Qwen3-8B Gastronomía Hispana DPO LoRA
A specialized culinary assistant for Hispanic gastronomy, fine-tuned with Direct Preference Optimization (DPO)
Model Description
This LoRA adapter transforms Qwen3-8B-Instruct into an expert culinary assistant specialized in Hispanic and Latino cuisine.
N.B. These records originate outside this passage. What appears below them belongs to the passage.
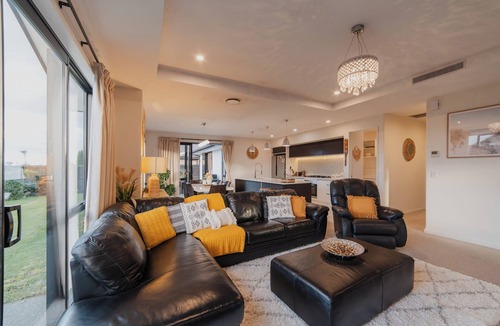 Wigram House | Sunlit Sanctuary with Private Patio in Wigram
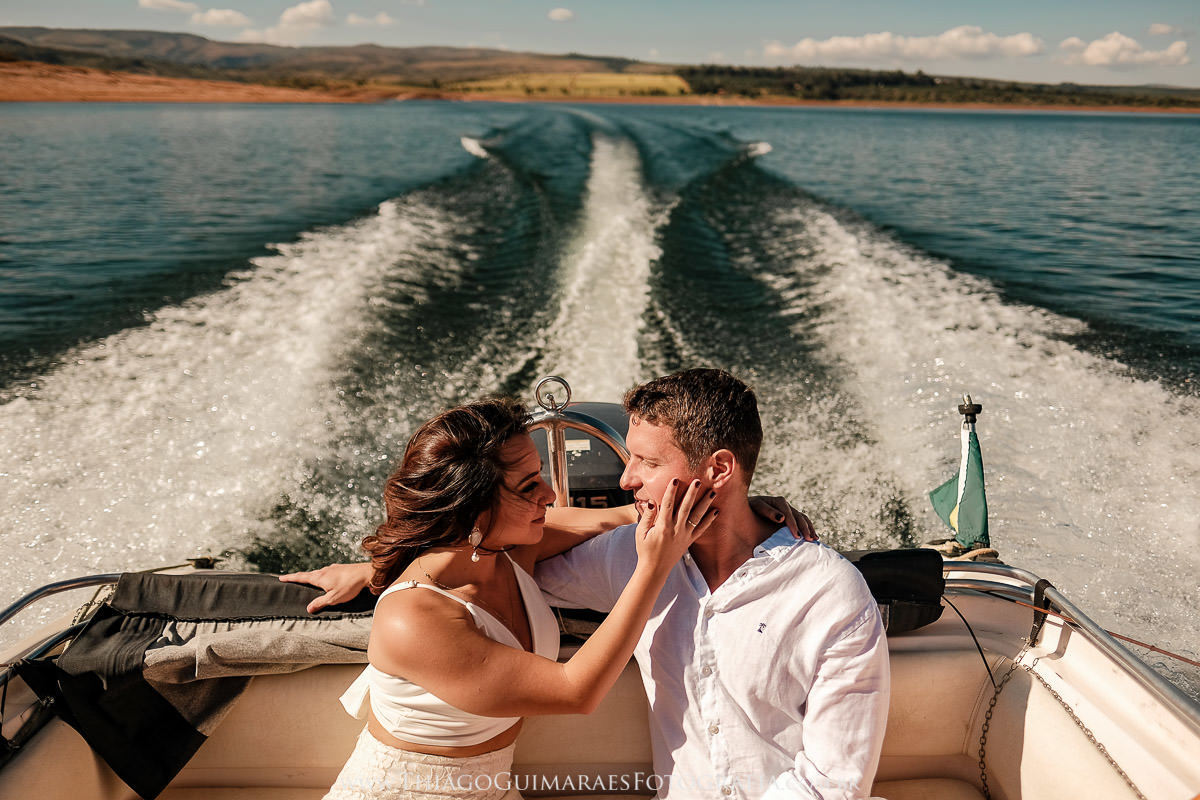 foto video filmagem ensaio externo fotografia casamento pre wedding save the date belo horizonte capitolio furnas mar de minas gerais mg thiago guimaraes fotografo casando em bh ipatinga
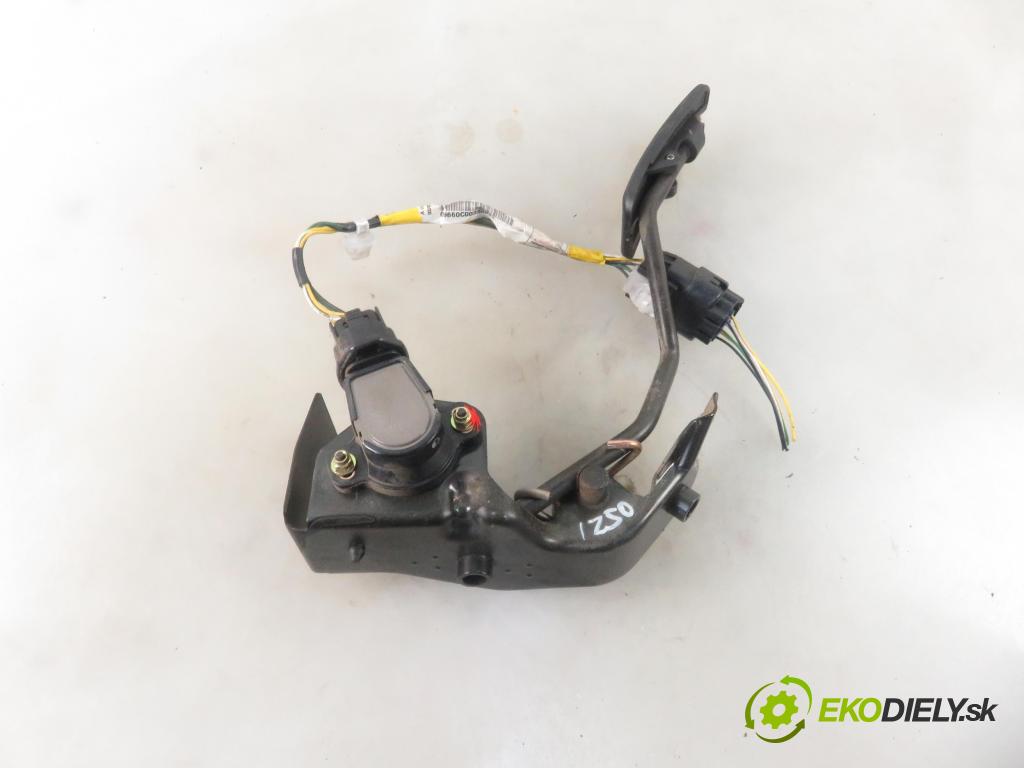 TOYOTA AVENSIS Kombi (_T25_) KOMBI 2004 85,00 2.0 D-4D 116 - 1CD-FTV 1995,00 Potenciometer plynu 8928152021 ; 1983003041 (Pedále)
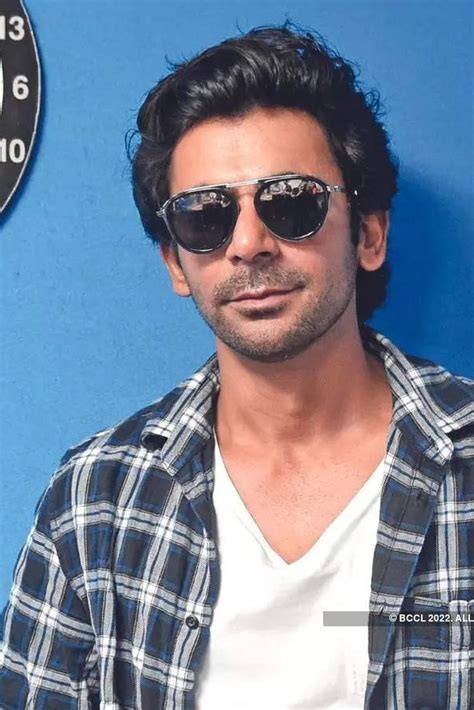 Sunil Grover’s Bio, Age, Relationships, Latest Buzz, Photos & Videos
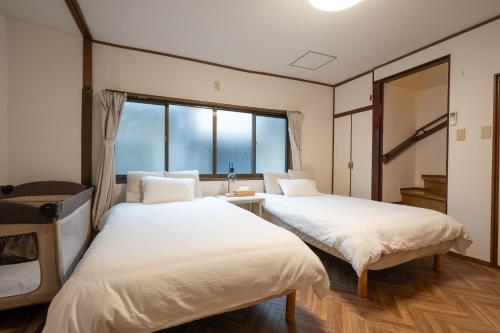 Sen House 泉 Osaka古民家 Machiya Guesthouse 2bed rooms & 4 Beds
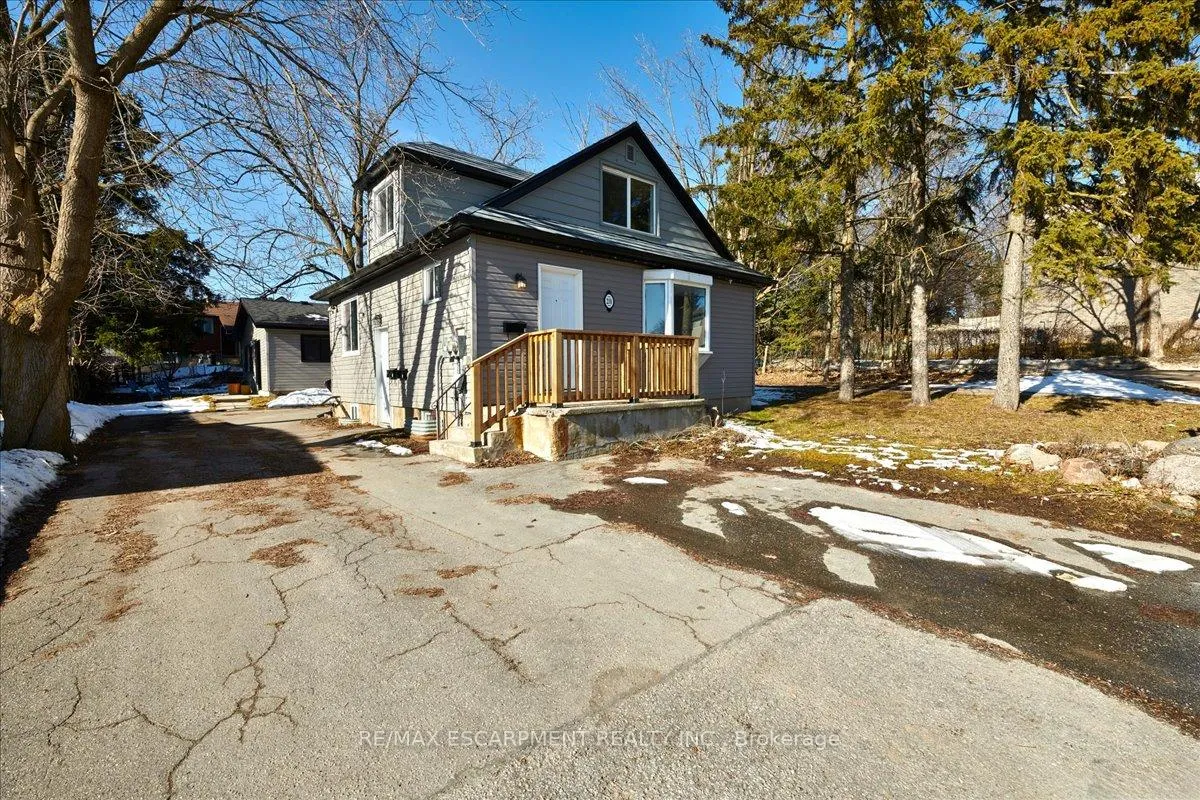 Photo of Unit #1, #2, #3, 210 Owen Street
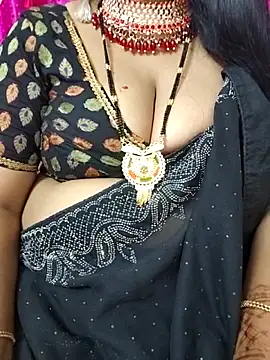 Sofiaa 09 online show from March 26, 6:50 pm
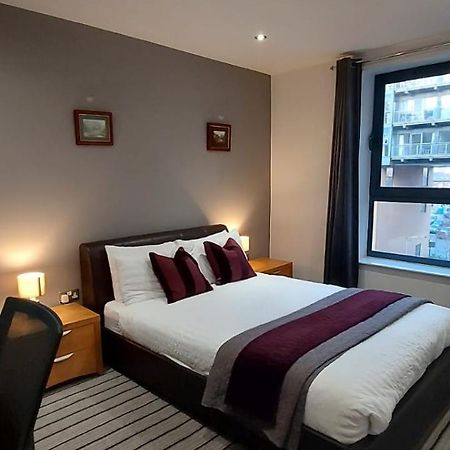 City Apartment In Great Location With A Balcony & Parking Possible - West One شيفيلد المظهر الخارجي الصورة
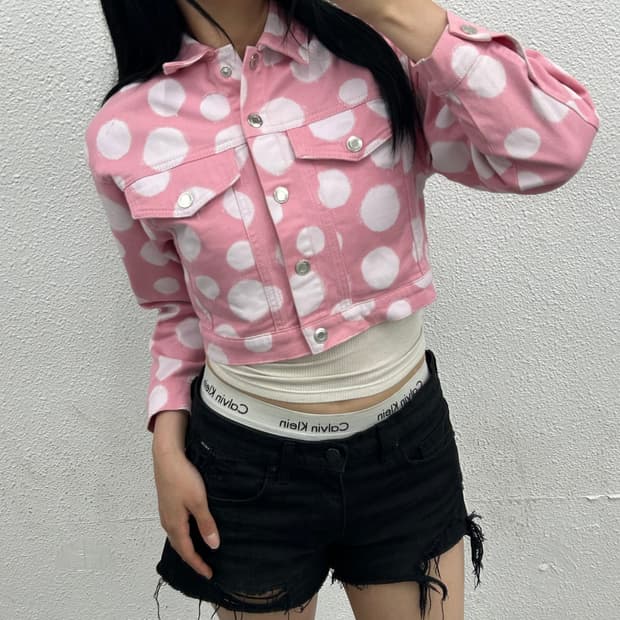 마크제이콥스 폴카 딸기우유맛 크롭자켓 10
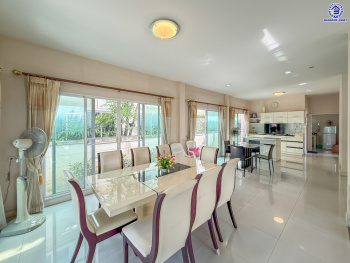 บ้านเดี่ยวมือสองนนทบุรี โครงการ บางกอกบูเลอวาร์ด ปิ่นเกล้า-สาทร หลังมุม จาก SC ASSET เนื้อที่ 77.40 ตร.ว. บนพื้นที่ใช้สอย 275 ตร.ม. ฟังก์ชัน 4 ห้องนอน 4 ห้องน้ำ จอดรถได้ 2 คัน บนทำเลใจกลางราชพฤกษ์ ใกล้ห้างเซ็นทรัล เวสวิลล์, ทางพิเศษประจิมรัถยา พร้อมเชื่อมสู่สาทร-ปิ่นเกล้า ได้อย่างรวดเร็ว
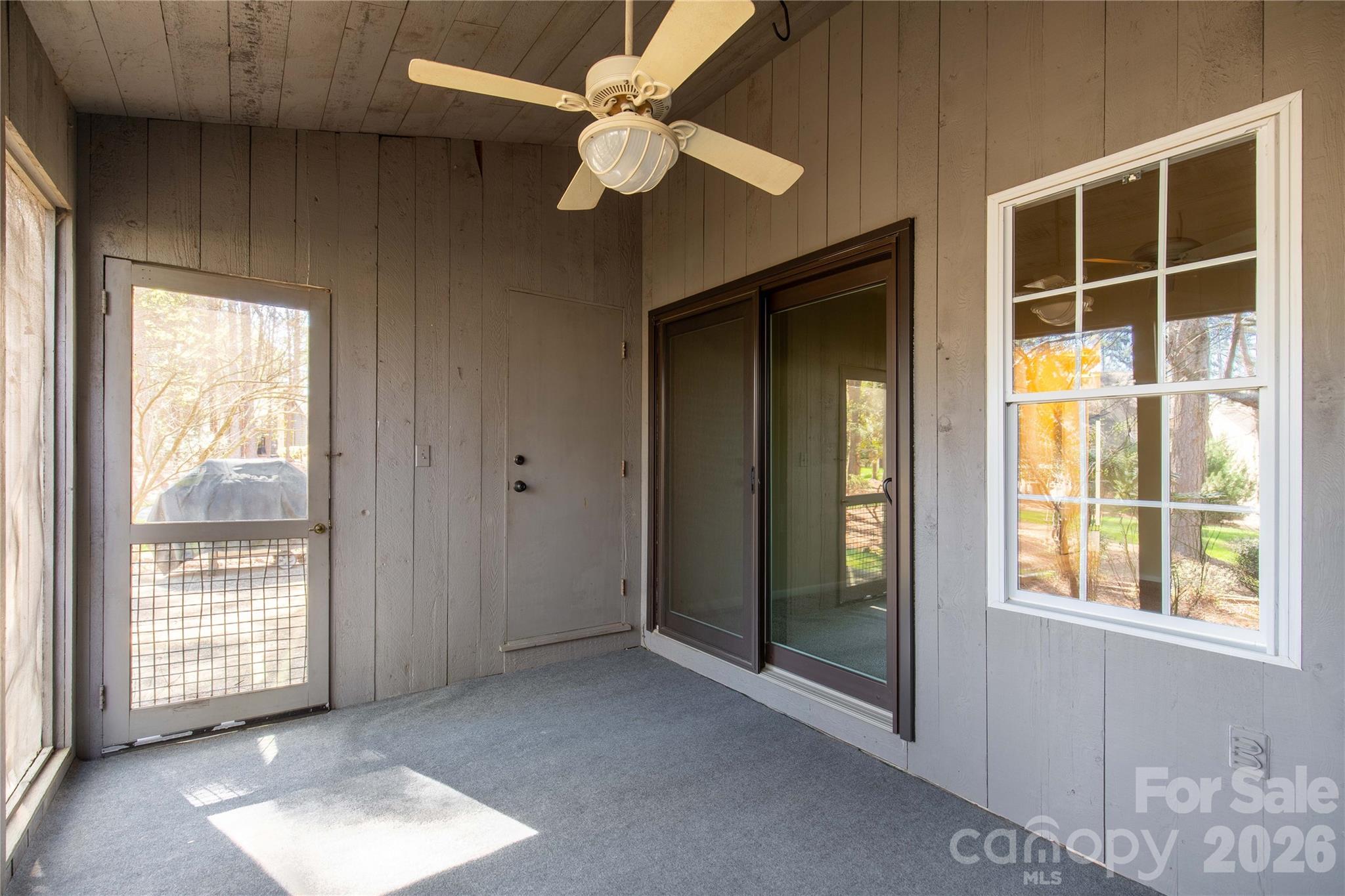 141 Greenridge Road — Clover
The model has been fine-tuned using Direct Preference Optimization (DPO) to provide high-quality, culturally authentic responses about cooking techniques, ingredients, and traditional recipes from Spanish-speaking countries.
Key Features
- 🥘 Specialized Knowledge: Expert-level understanding of Hispanic/Latino culinary traditions
- 🔧 DPO Training: Enhanced response quality through preference optimization
- 🌍 Cultural Authenticity: Respects traditional cooking methods and regional variations
- 📚 Comprehensive Coverage: Ingredients, techniques, recipes, and cultural context
- 🇪🇸 Spanish Language: Native Spanish culinary terminology and explanations
Base Model
- Architecture: Qwen3-8B-unsloth-bnb-4bit
- Quantization: 4-bit (BNB)
- Chat Template: ChatML format
- Context Length: 2,500 tokens
Training Details
DPO Configuration
- Method: Direct Preference Optimization
- Beta: 0.1 (KL regularization parameter)
- Epochs: 3
- Learning Rate: 5e-6
- Scheduler: Cosine with 3% warmup
LoRA Configuration
- Rank (r): 64
- Alpha: 64
- Dropout: 0.0
- Target Modules:
q_proj
,k_proj
,v_proj
,o_proj
,gate_proj
,up_proj
,down_proj
- RSLoRA: Enabled for rank stabilization
Training Infrastructure
- Batch Size: 32 (4 per device × 8 gradient accumulation steps)
- Optimizer: AdamW 8-bit
- Weight Decay: 0.01
- Max Gradient Norm: 1.0
- Training Time: ~5.4 hours
Dataset
- Source:
somosnlp-hackathon-2025/gastronomia-hispana-dpo
- Size: 7,092 preference pairs
- Split: 95% train, 5% evaluation
- Format: DPO preference pairs (chosen vs rejected responses)
Usage
Loading the Model
from unsloth import FastLanguageModel
from unsloth.chat_templates import get_chat_template
# Load model and tokenizer
model, tokenizer = FastLanguageModel.from_pretrained(
model_name="somosnlp-hackathon-2025/Qwen3-8B-gastronomia-hispana-dpo-LoRA",
max_seq_length=2500,
dtype=None,
load_in_4bit=True,
)
# Setup chat template
tokenizer = get_chat_template(
tokenizer,
chat_template="chatml",
mapping={"role": "role", "content": "content", "user": "user", "assistant": "assistant"},
map_eos_token=True,
)
# Enable inference mode
FastLanguageModel.for_inference(model)
Inference Example
from transformers import TextStreamer
# Prepare conversation
messages = [
{"role": "user", "content": "¿Cómo preparo el encebollado ecuatoriano tradicional?"}
]
# Tokenize input
inputs = tokenizer.apply_chat_template(
messages,
tokenize=True,
add_generation_prompt=True,
return_tensors="pt",
).to("cuda")
# Generate response
text_streamer = TextStreamer(tokenizer)
_ = model.generate(
input_ids=inputs,
streamer=text_streamer,
max_new_tokens=512,
use_cache=True,
do_sample=True,
temperature=0.7,
top_p=0.95
)
Alternative Loading (HF Transformers)
from peft import AutoModelForPeftCausalLM
from transformers import AutoTokenizer
model = AutoModelForPeftCausalLM.from_pretrained(
"somosnlp-hackathon-2025/Qwen3-8B-gastronomia-hispana-dpo-LoRA",
load_in_4bit=True,
)
tokenizer = AutoTokenizer.from_pretrained(
"somosnlp-hackathon-2025/Qwen3-8B-gastronomia-hispana-dpo-LoRA"
)
Example Interactions
Ingredient Expertise
User: "¿Qué tipo de harina se utiliza para hacer los crackers de los canapés con crema de salmón?"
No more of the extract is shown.